Hi, I'm going to try skeeterpee but not sure on the slurrry i'm using. The one i'll be using will come from a batch that was using 4 pkgs of Oak. Would it be too much oak in the slurry or dose it matter....thanx


----------



## djrockinsteve (Oct 7, 2010)

Some kits have you add oak to the primary. I'm presuming you are referring to this. The oak, how much and how long will have some effect but I would recon that much of the intensity would have been removed during fermantation. Sure you're fine.

What wine slurries are you considering?


----------



## CrazyCajun (Oct 7, 2010)

yes it is the oak you add to the primary...it's from the Selection kit, Luna Bianca


----------



## djrockinsteve (Oct 8, 2010)

I never made whine from a kit however I have 5 gallons of a Merlot, Syrah, Cab. Sauv. slurry clearing now. I only used 2 bottles of lemon juice. When cleared I'll add 2 cans of grape concentrate.

I say go for it. All you have to lose is time 20 cups sugar and some lemon juice. Odds are at worst it will be okay. Probably be very good. Maybe just a dd 1 bottle of lemon juice.

I'm still experimenting on 1 or 2 for other flavors.


----------



## CrazyCajun (Oct 8, 2010)

ok, i was going to go with this recipe: http://www.skeeterpee.com/Skeeter_Pee/Recipe.html


----------



## djrockinsteve (Oct 8, 2010)

That's what we use. Thanks to Lon on here. My only change is I only add 1 bottle of lemon up front if I don't start off with a slurry. Add the second later once it's taking off.

My sons GF came over today and we started a s.p. without slurry. Hours later it's bublin' away.

CrazyCajun.....Do it....Do it NOW!
(I typed that with my Arnold Schwartzeneger voice)


----------



## CrazyCajun (Oct 8, 2010)

will go for it, hopefully on Saturday...using the slurry of my white...


----------



## djrockinsteve (Oct 8, 2010)

Go for it and back sweeten with "White Grape" concentrate. How many gallons are you intending. Maybe you could split it in two and do one as a sour peach. I wouldn't use a lot of lemon for that.

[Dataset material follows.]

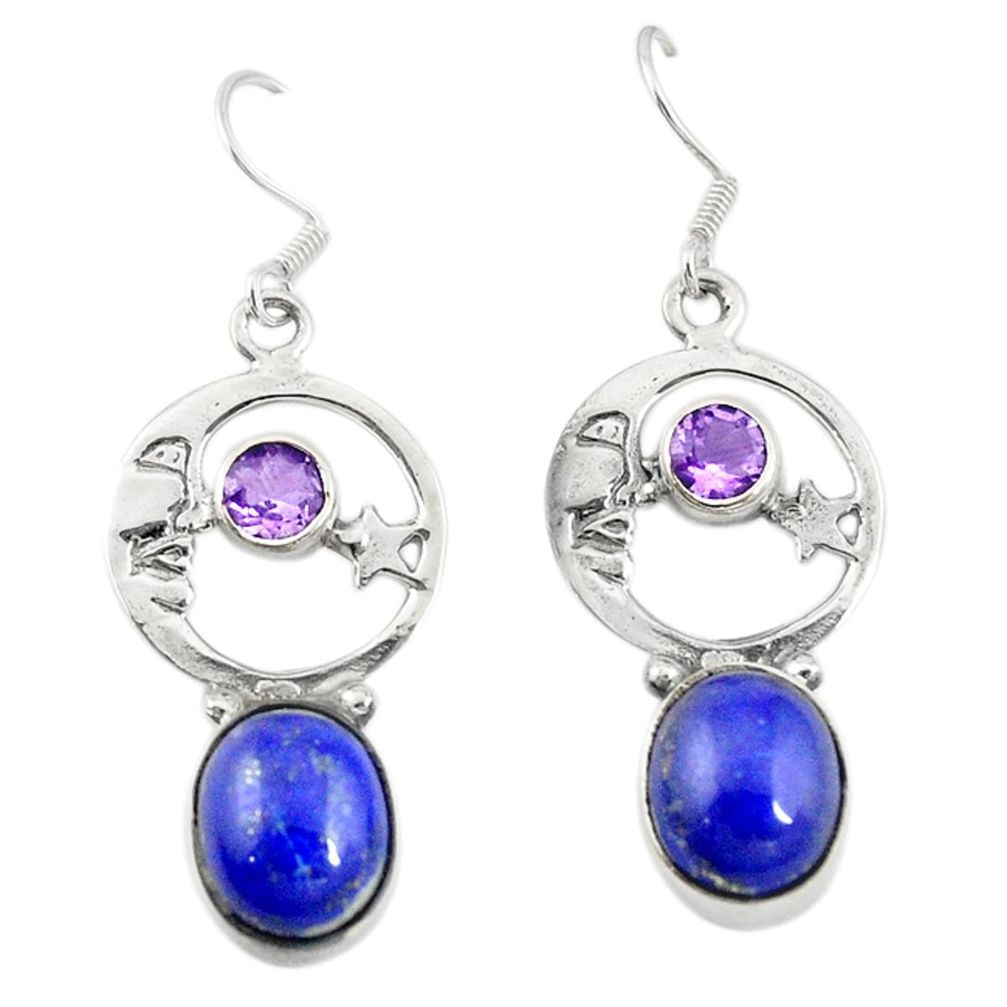Natural blue lapis lazuli 925 silver crescent moon star earrings d19981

Let us know as time goes on.


----------



## Minnesotamaker (Oct 8, 2010)

djrockinsteve said:


> My sons GF came over today and we started a s.p. without slurry. Hours later it's bublin' away.


This must be a serious relationship. He's taking the extra steps of making sure she's properly trained in the finer aspects of Skeeter Pee production! I've been married 13 years and mine isn't trained yet.


----------



## djrockinsteve (Oct 8, 2010)

Minnesotamaker said:


> This must be a serious relationship. He's taking the extra steps of making sure she's properly trained in the finer aspects of Skeeter Pee production! I've been married 13 years and mine isn't trained yet.

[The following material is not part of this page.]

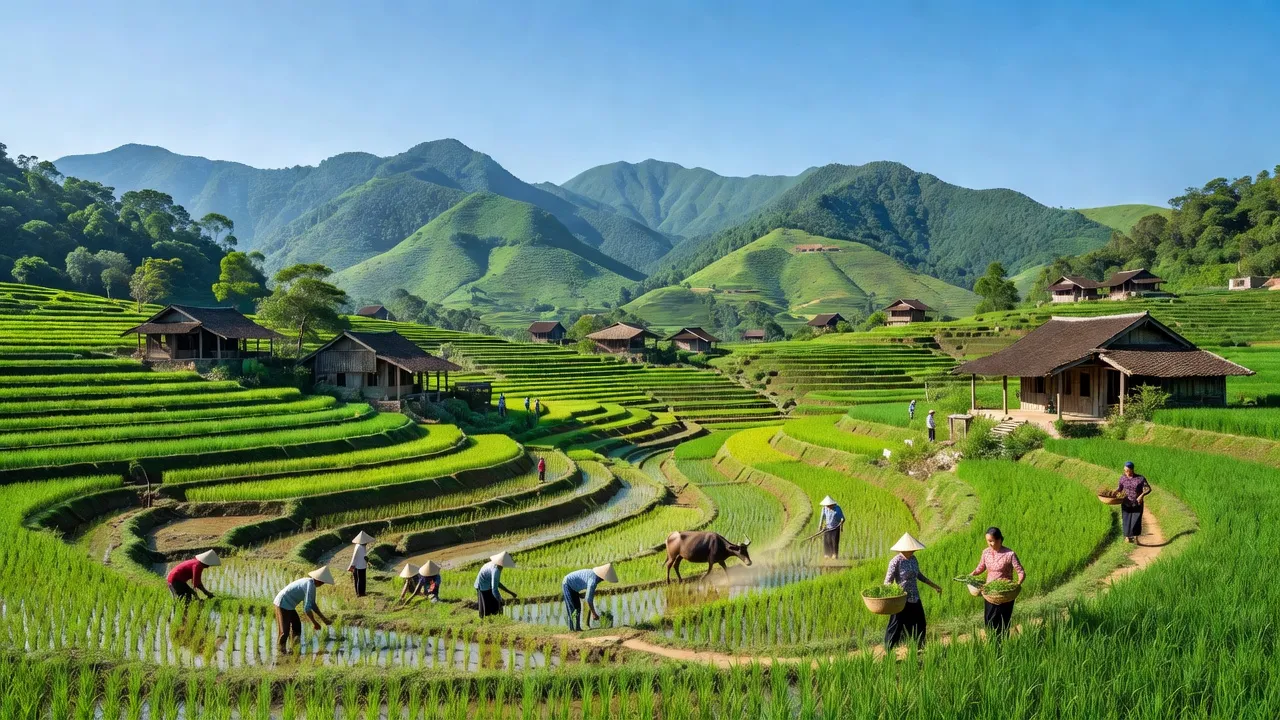 Cảnh quan xã Kiên Đài, huyện Chiêm Hóa, tỉnh Tuyên Quang với núi xanh và nhà truyền thống.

"She" wants to learn how to make wine. I suggested s.p. first. If she likes that (she likes the end result already) we can move on to others and she can start competing with us on craigslist for carboys.

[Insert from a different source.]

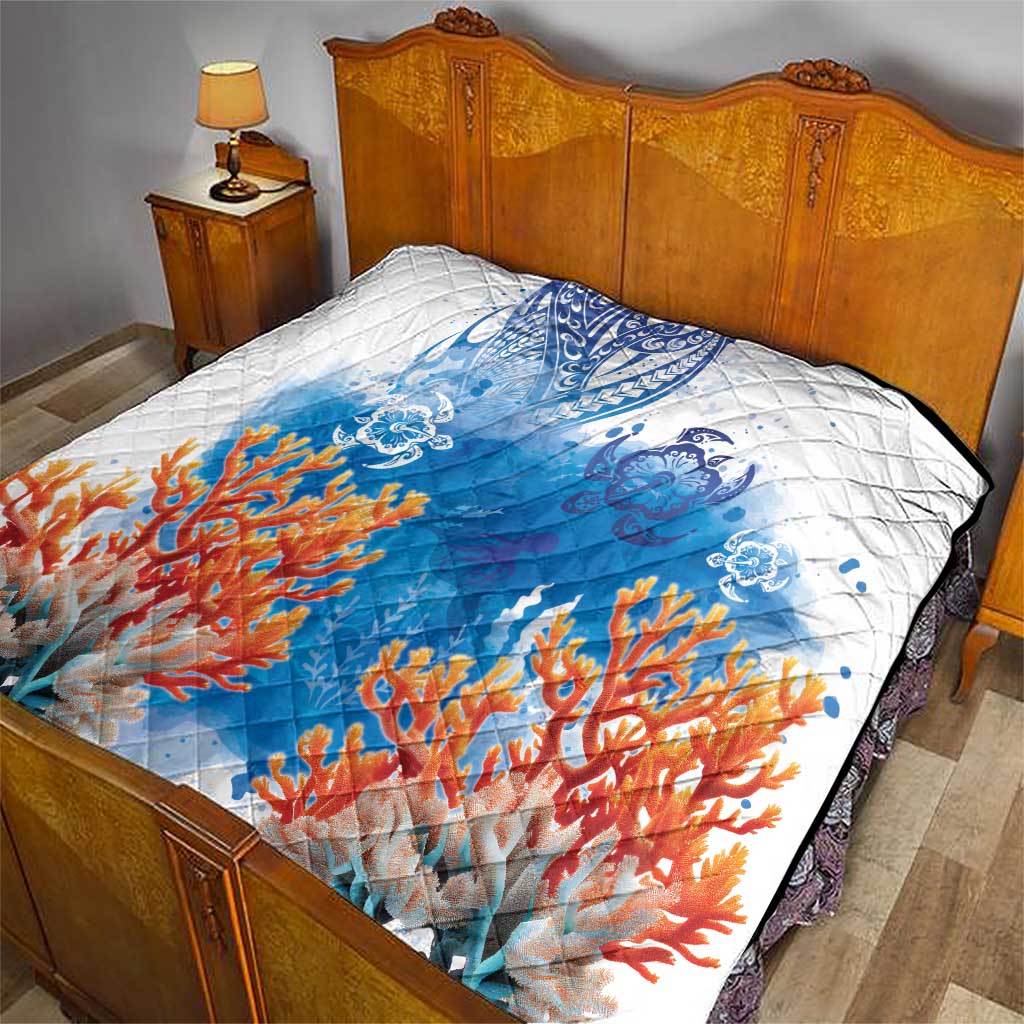 Hibiscus Turtle Tattoo Coral Reef Quilt with Polynesian Tribal LT9 - Polynesian Pride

Somethin' about tellin' folks about s.p. that catches their interest. SOOOOO much better than saying....lemon wine.


----------



## CrazyCajun (Oct 8, 2010)

Bought the supply for my 1st Skeeterpee...Sunday will be the day!


----------



## Minnesotamaker (Oct 8, 2010)

djrockinsteve said:


> "She" wants to learn how to make wine. I suggested s.p. first. If she likes that (she likes the end result already) we can move on to others and she can start competing with us on craigslist for carboys.
> 
> Somethin' about tellin' folks about s.p. that catches their interest. SOOOOO much better than saying....lemon wine.



Lemon wine sounds sour...... Skeeter Pee sounds nasty....... but since you seem too nice to have something that nasty, it must be a clever ploy to keep people from drinking it. Therefore, they try it to see what you're trying to hide.


----------



## CrazyCajun (Oct 12, 2010)

well...was going to do some skeeterpee with the Luna Bianca slurry but decided not too, had too much oak for my liking at the bottom of the primary...rather skip on this one. Would like to get it right on the 1st time, so i'll be going for it on my next batch...


----------



## BIGJEFF (Oct 12, 2010)

CrazyCajun said:


> well...was going to do some skeeterpee with the Luna Bianca slurry but decided not too, had too much oak for my liking at the bottom of the primary...rather skip on this one. Would like to get it right on the 1st time, so i'll be going for it on my next batch...



you know you can strain the slurry right?


----------



## CrazyCajun (Oct 13, 2010)

decided not to, going to make the wife some Island Mist instead...


----------